Нигде амбивалентность «атмосферы цвета стали» не ощущается так остро, как в ауратической гуманизации сверхчеловеческого механизма. «Она, умеющая делать все, – она поет теперь наши романсы, глупые романсы старого века, и старого века собирает цветы. Она влюбляется, ревнует, плачет, видит сны… Я сделал это. Я надсмеялся над божеством этих грядущих людей, над машиной. И я дал ей имя девушки, сошедшей с ума от любви и отчаяния, – имя Офелии…» [142]. Тут, несомненно, отражена попытка превратить стерильный механизм в «желающую машину»: навести на него вульгарную ауру, комплекс чувств и типичных реакций выспреннего, сентиментального обывателя. Это типично бретоновский жест – сравним, например, его «седовласый револьвер», или: «… я знавал человека, у которого вместо тела было зеркало, волосы были выдержаны в стиле Людовика XV, а в глазах блестели сумасшедшие нечистоты». [143]Можно сказать: цитированный роман Ю. К. Олеши пронизан совершенно сюрреалистическим «очарованием пошлости», которое Бретон и его единомышленники неутомимо выискивали «в „старье“, в… самых ранних фотографиях, вымирающих предметах, кабинетных роялях, платьях, каких не носят уже пять лет. Сюрреалисты высвобождают чудовищные силы „настроения“, кроющиеся в предметах» (Беньямин) [144]. Гротесковые контрасты быта мегаполисов, взбаламученных войной, генерировали для чуткого аналитика-художника впечатление психопатологического возбуждения; в Советской России чаемой разрядкой и «концом мещанства» обязан был стать коммунистический «стальной парадиз».
Фотоколлажи и коллажи сочетали убедительность «вещной» беспристрастности с креативным, остраняющим авторским произволом, равносильным «деконтекстуализации мусора» в дадаистских (и татлинских) контррельефах – или диктовке бессознательного в сюрреалистском «вербальном потоке». Так, В. Ф. Степанова (1894–1958) комбинировала фрагменты коммерческой рекламы и газет в иллюстрациях к книге А. Е. Крученых «Глы-глы» или собственной «заумной» рукописи «Гауст чаба» (обе – 1919). Когда Родченко использовал фотографии В. В. Маяковского и Л. Ю. Брик, изображения аэропланов, динозавров в озорных коллажных иллюстрациях к поэме «Про это» (1923), он стремился создать визуальный эквивалент как авангардной поэтической техники, так и «либидозного заряда» авторского послания. Символами «пережитков прошлого» выступают ампирный косметический прибор, ножи и ложки с вензелями – «вымирающие» предметы подчеркивают стремительный темп, веселую необратимость современности. «Изобретение фотографии, – писал Бретон в предисловии к каталогу первой парижской выставки Эрнста, – нанесло смертельный удар старым выразительным средствам – в живописи, равно как и в поэзии, где автоматическое письмо, появившееся в конце XIX столетия, суть подлинная фотография мысли» [145]. Ножницы и клей управляют «автоматическим письмом» коллажа подобно тому, как ритм и размер упорядочивают поток эротически окрашенных слов поэта, провоцируемых – или репрессируемых – «вечно желающим» бессознательным.

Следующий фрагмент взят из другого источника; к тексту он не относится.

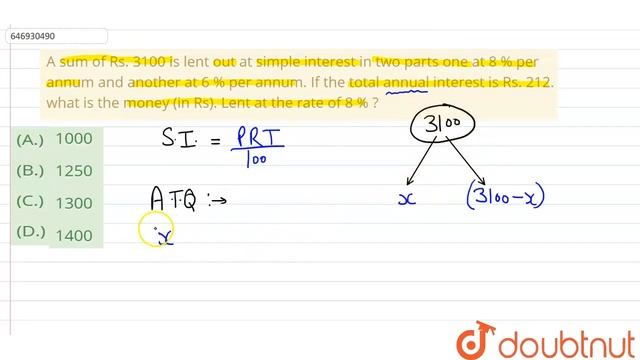 A sum of Rs. 3100 is lent out at simple interest in two parts one at 8 % per annum and another a... смотреть онлайн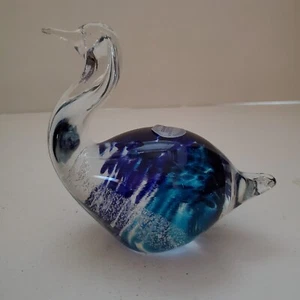 Murano Blown Art Glass Duck Goose Bird Clear blue swirl Figurine Paperweight - Picture 1 of 6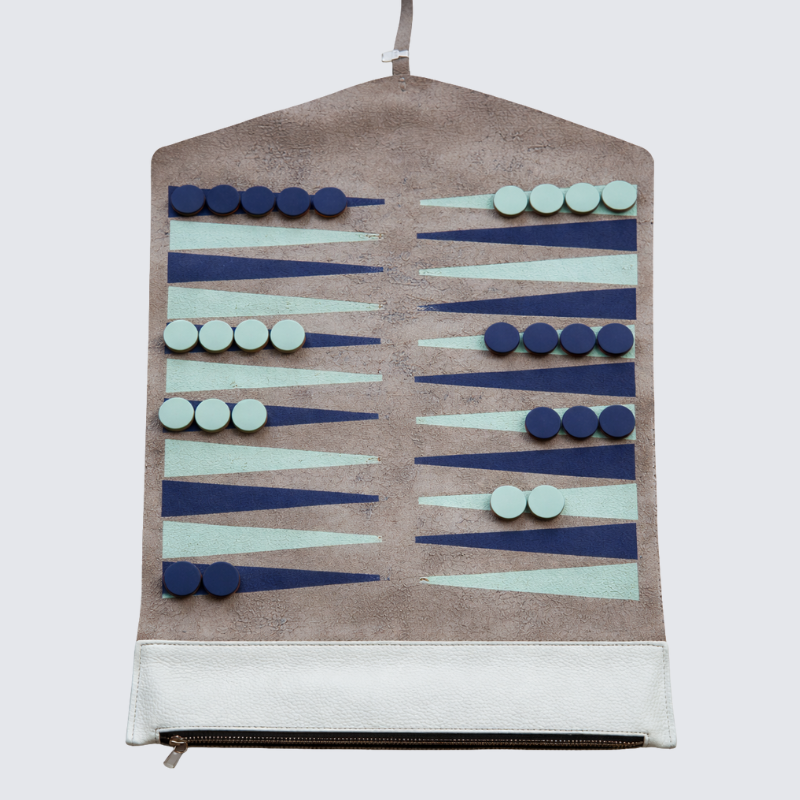 Leather Backgammon Set – Eclectic Array - Nevis / Mexico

Фактически контраст «старое – новое», «традиционное (ауратичное)» – «художественно-новаторское (неапробированное)» был тематизирован теоретиками-формалистами как движущая сила литературной эволюции. Б. М. Эйхенбаум писал: «Искусство живет на основе сплетения и противопоставления своих традиций, развивая и видоизменяя их по принципам контраста, пародирования, смещения, сдвига. ‹…› Получается остранение традиционных форм, создание нового поэтического жаргона, при котором прозаизмы приобретают характер художественного приема, а традиционные „поэтизмы“, изредка вкрапленные в речь, теряют свой банальный вид» [146]. Интересно, что не знакомый с текстами Эйхенбаума Макс Эрнст практически реализовал тот же прием в визуальной сфере. В знаменитых коллажных романах «La femme 100 têtes» (1929; игра слов: название может переводиться как «Стоглавая…» и одновременно «Безголовая женщина»), «Rêve d'une petite fille qui voulut entrer au Carmel» (1930; «Сны маленькой девочки, мечтающей уйти в монастырь») и «Une Semaine de Bonté» (1934; «Неделя добрых дел», или «Пасхальная неделя») художник продемонстрировал впечатляющее остранение колоссального материала – главным образом, из области «жанров бульварной прессы». Он «профанировал» иллюстрации к французским серийным романам-фельетонам 1880-х годов, вероятно обладавшим для сюрреалистов вульгарной аурой démodé ( устаревание как оборотная сторона прогресса [147]).